O PSG esperava aliviar um pouco mais sua situação com o título da Copa da Liga, mas a torcida fez questão de conturbar um pouco mais o ambiente no clube com suas manifestações de intolerância. Do seu lado, o Strasbourg carregava sob seus ombros a responsabilidade de obter um bom resultado para tentar acabar com uma série muito ruim. Em suas seis partidas mais recentes antes do duelo contra o clube da capital, o Racing sofreu cinco derrotas. Nada muito animador para quem deseja se distanciar das últimas colocações.

No Parc des Princes, os dois clubes colocaram suas crises na balança. Com tranqüilidade, o confronto poderia receber o apelido de ‘jogo do medo’, dado o receio de um querer atacar o outro. Enquanto os donos da casa pareciam um pouco mais a fim de jogo, o Strasbourg se limitava a algumas jogadas de Mouloungui e Gameiro. Na segunda etapa, o Racing aproveitou o cansaço aparente dos parisienses para aumentar seu ritmo e pressionar Landreau, criticado nos últimos tempos por suas falhas.

Se Paul Le Guen errou em jogos decisivos por montar esquemas equivocados, desta vez o treinador acertou a mão. Com a queda de rendimento de seu time, ele mudou o jogo ao fazer as alterações certas no momento exato. Diané e Mendy deram sangue novo à equipe, com efeito quase imediato. Chantôme e, principalmente, Luyindula, nada acrescentaram ao PSG no período no qual ficaram em campo. O atacante até recebeu vaias devido à apatia demonstrada – e pelos esforços redobrados de Pauleta para compensar a atuação sem qualquer destaque de seu companheiro ofensivo.

Após o gol marcado por Diané, o Strasbourg sucumbiu ao adversário. Além do ambiente completamente desfavorável no Parc des Princes, a equipe estava sem seus dois homens mais perigosos do primeiro tempo. Mouloungui e Gameiro foram substituídos por Alvaro e Fanchone, que não mantiveram a mesma qualidade dos titulares. Some-se isso ao individualismo de Renteria para explicar mais uma derrota do RCS, agora ao lado do próprio PSG na classificação.

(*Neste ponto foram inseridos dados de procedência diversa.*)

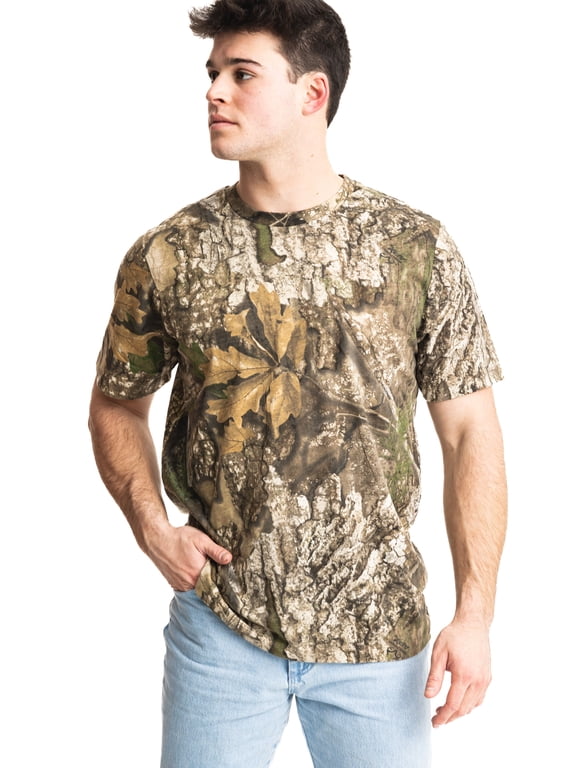 Men's Hunting APX Camo Short Sleeve Cotton Shirt, Lightweight, Soft & Breathable, 3X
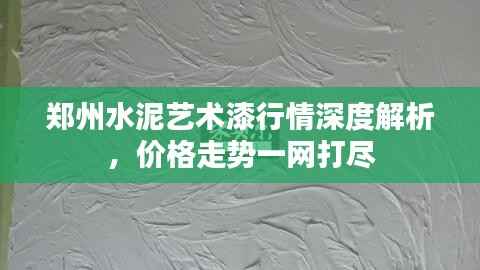 郑州水泥艺术漆行情深度解析,价格走势一网打尽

De classificado à Liga dos Campeões no início da temporada a candidato ao rebaixamento, o Toulouse não desperdiçou a chance de bater o Metz e ainda sonhar com a manutenção na elite. Sem Elmander, machucado, o TFC sofreu uma terrível pressão nos 15 primeiros minutos, com direito a bola na trave e um lance salvo em cima da linha. Os Violetas se seguraram como podiam e contaram com a falta de gás dos Grenás no decorrer da partida. Na ausência do atacante sueco, foi Achille Emana o responsável por conduzir o time à vitória.

O camaronês, tido pela própria torcida como um jogador mediano, enfim alcançou um nível regular de atuações. A ausência de Emana no começo do ano, quando esteve com sua seleção na disputa da Copa Africana de Nações, coincidiu com a queda do Toulouse. Coincidência? Há dois meses, ele é o único jogador do clube que balançou as redes. Foi assim contra o Metz: ele foi o autor dos gols da vitória por 2 a 0 sobre o lanterna. A dependência de Emana, enquanto Elmander ainda se recupera para reencontrar sua melhor forma, no entanto, deixa o TFC em situação delicada. Se apenas ele resolve, uma boa marcação o tirará de combate e deixará a equipe órfã. Um risco perigoso demais para quem busca desesperadamente pela salvação.